My first attempt at vegan icing is case in point.
I am no icing novice. In fact, my first job was at a bakery in Marietta, Georgia and it was there I discovered a hidden talent for cake decoration. Most of my bakery colleagues had to practice their frosting penmanship on wax paper before they were allowed near actual sheet cakes. Not me. I had such a way with the pastry bag that they let me write on real cakes virtually the first day.
Standard icing recipes are simple. They generally call for a box of powdered sugar and egg whites...and anything from water to lemon juice and vanilla extract for a little panache.
I really wanted to write names on some of the vegan cookies I was handing out and it seemed simple enough to create a vegan version -- I just had to find a replacement for those egg whites. After a bit of Googling, I discovered I would have to use flax seeds. Most of the Web sites I came across said that if you mix one tablespoon of ground flax seeds with three tablespoons of water, you get a milky consistency that is very much egg-like. I had shied away from the flax seed option offered on the Post Punk Kitchen Web site for earlier recipes...but I realized I was going to have to confront my demons if I wanted to write on those cookies.

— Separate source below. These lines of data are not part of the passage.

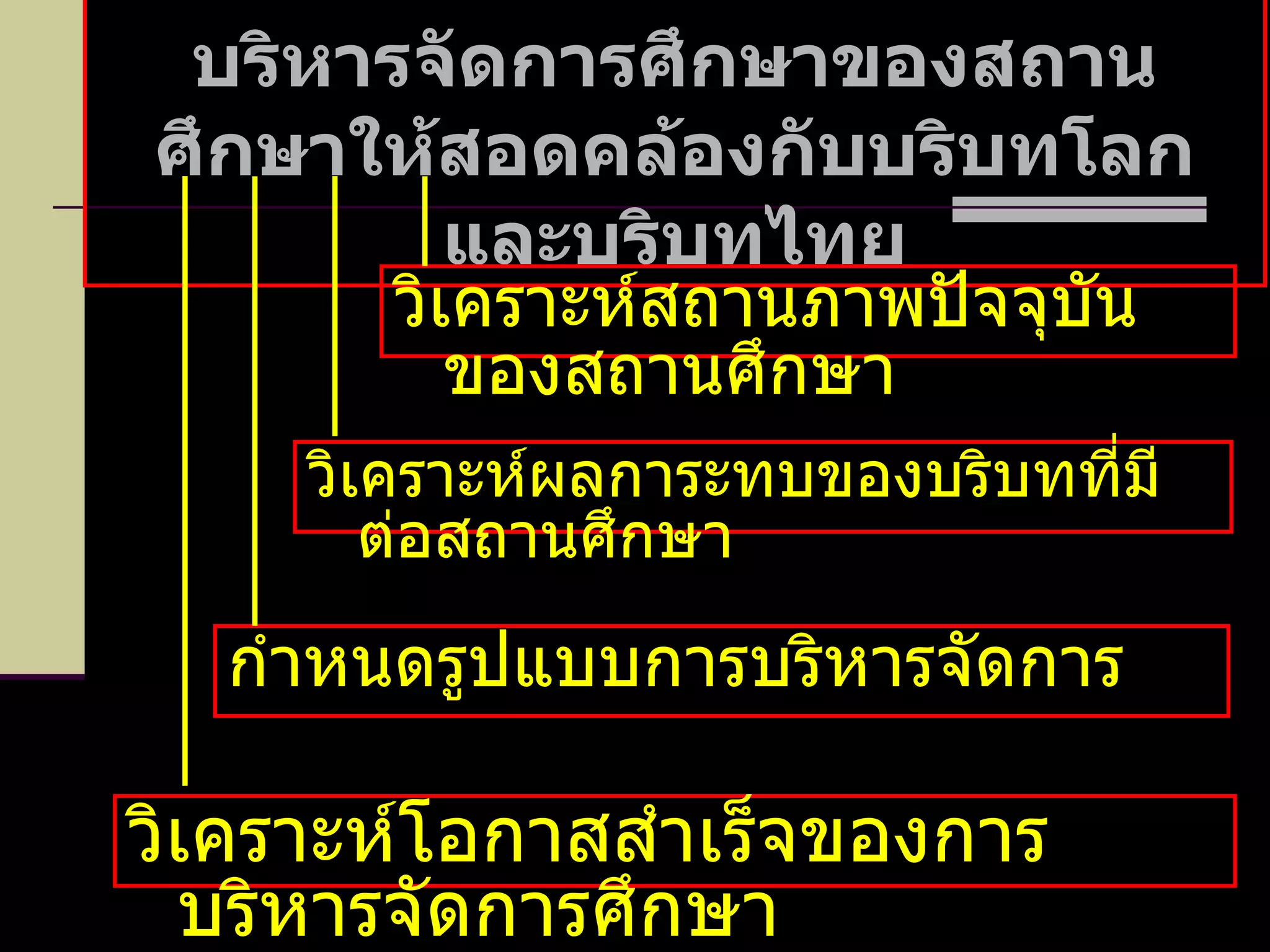 ลำดับขั้นตอน “การออกแบบ” การบริหารจัดการศึกษาของสถานศึกษาให้สอดคล้องกับบริบทโลกและบริบทไทย วิเคราะห์โอกาสสำเร็จของการบริหารจัดการศึกษา กำหนดรูปแบบการบริหารจัดการ วิเคราะห์ผลการะทบของบริบทที่มีต่อสถานศึกษา วิเคราะห์สถานภาพปัจจุบันของสถานศึกษา 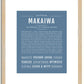 Makaiwa | Name Art Print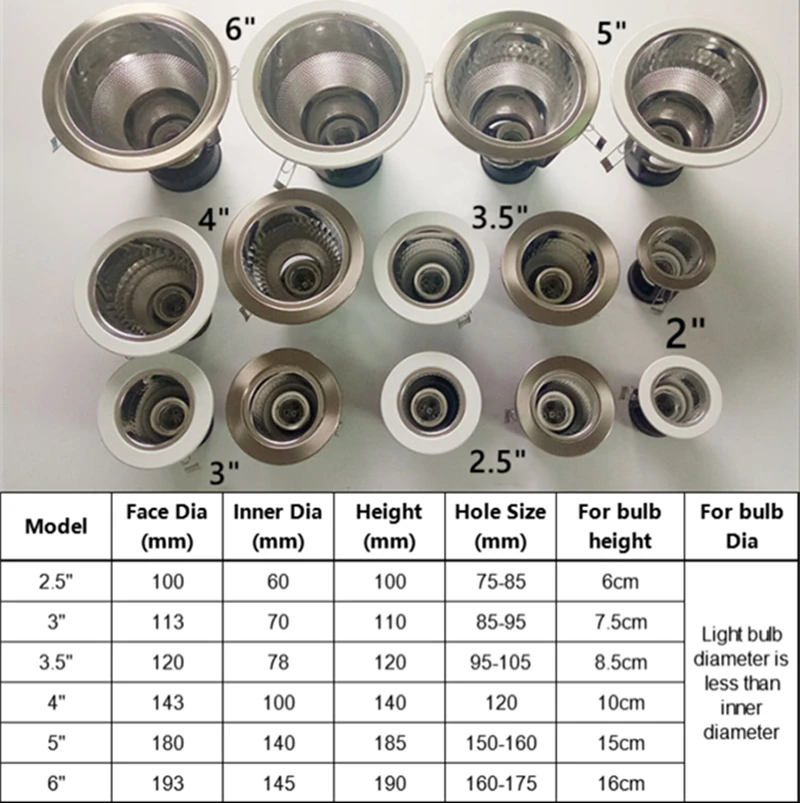 Recessed Ceiling Bathroom Downlight Kit 2.5\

I should have just gone straight to a Trader Joe's or a Whole Foods, but I really wanted the flax-seed-buying errand to be convenient to my commute, so I stopped off at several grocery stores that were flax-less first. They had plenty of fennel seeds, but no flax. A bit disheartened, I decided to give the new Gourmet Fresh in my neighborhood a shot and, lo and behold, they had it. (The Benny Hill friend marveled that in Boulder, Colorado you can't "swing a dead cat" without finding flax seeds.)
When I combined my flax seeds with water, the mixture did become quite milky...but you could definitely still see the seeds and so I hoped that food color would be enough hide them. That was the other exciting thing about this experiment -- I make a lot of red velvet cake and so I use a lot of red food color...and it wasn't until late in my red velvet production that I realized you can buy red all buy itself...so, long story short, I have more than my fair share of yellow, green and blue food color from sets I bought simply to get red (this prompted a coworker to tell me that I should try my hand at blue velvet cake).

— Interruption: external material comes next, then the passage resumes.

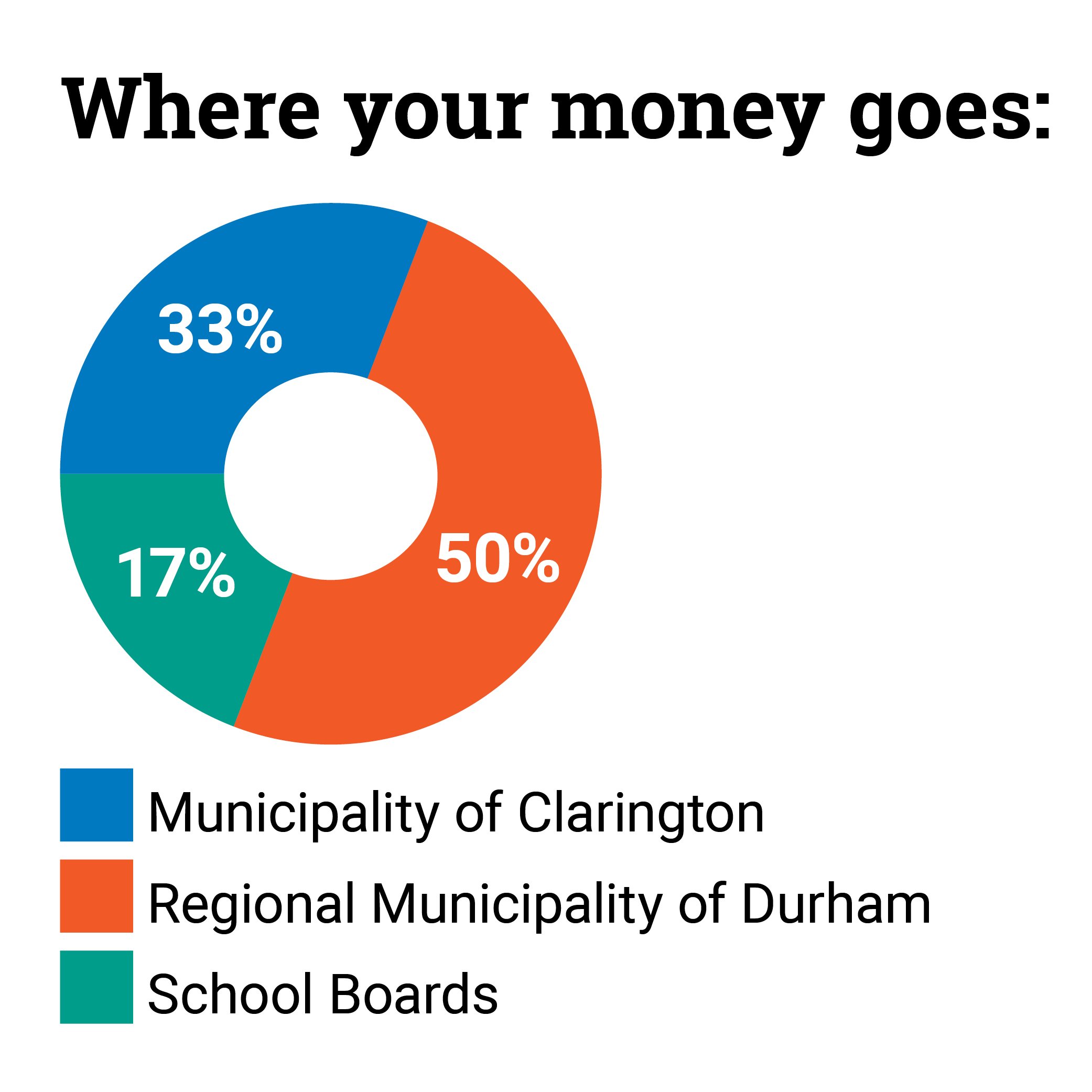 Graph showing where your money goes: 49% Region of Durham, 33% Clarington, 18% School Boards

Green was the most festive, so I decided to try it out first...but before I could color anything, I had to get stiff peaks to form from my sugar-flax-water mix. And maybe it was that there was some residue in my bowl or maybe it was that I didn't do the egg replacement quite right...or maybe you just don't get stiff peaks if you don't use egg whites, but I mixed and mixed and mixed...and nothing. It refused to stiffen.
I eventually decided to give it a go anyway because time was a-wasting and I was tired of mixing...so I added my food color (and dyed three of my fingers green) and poured it into one my two pastry bags. I was afraid it was going to run right through the bag. But no such luck. It wouldn't come out at all...and when I tried to examine what was wrong, icing ended up pouring out the other end (cue theme song?). I obviously had to switch pastry bags -- which I did -- but then my earlier fear was confirmed and the icing poured right through. I tried to write anyway, but ended up creating blobs. Had I just wanted to fill in the cookies, maybe I would have been in business. But, alas.
One thing about it though -- it sure tasted like a good batch of decorative icing. Even though there were no names.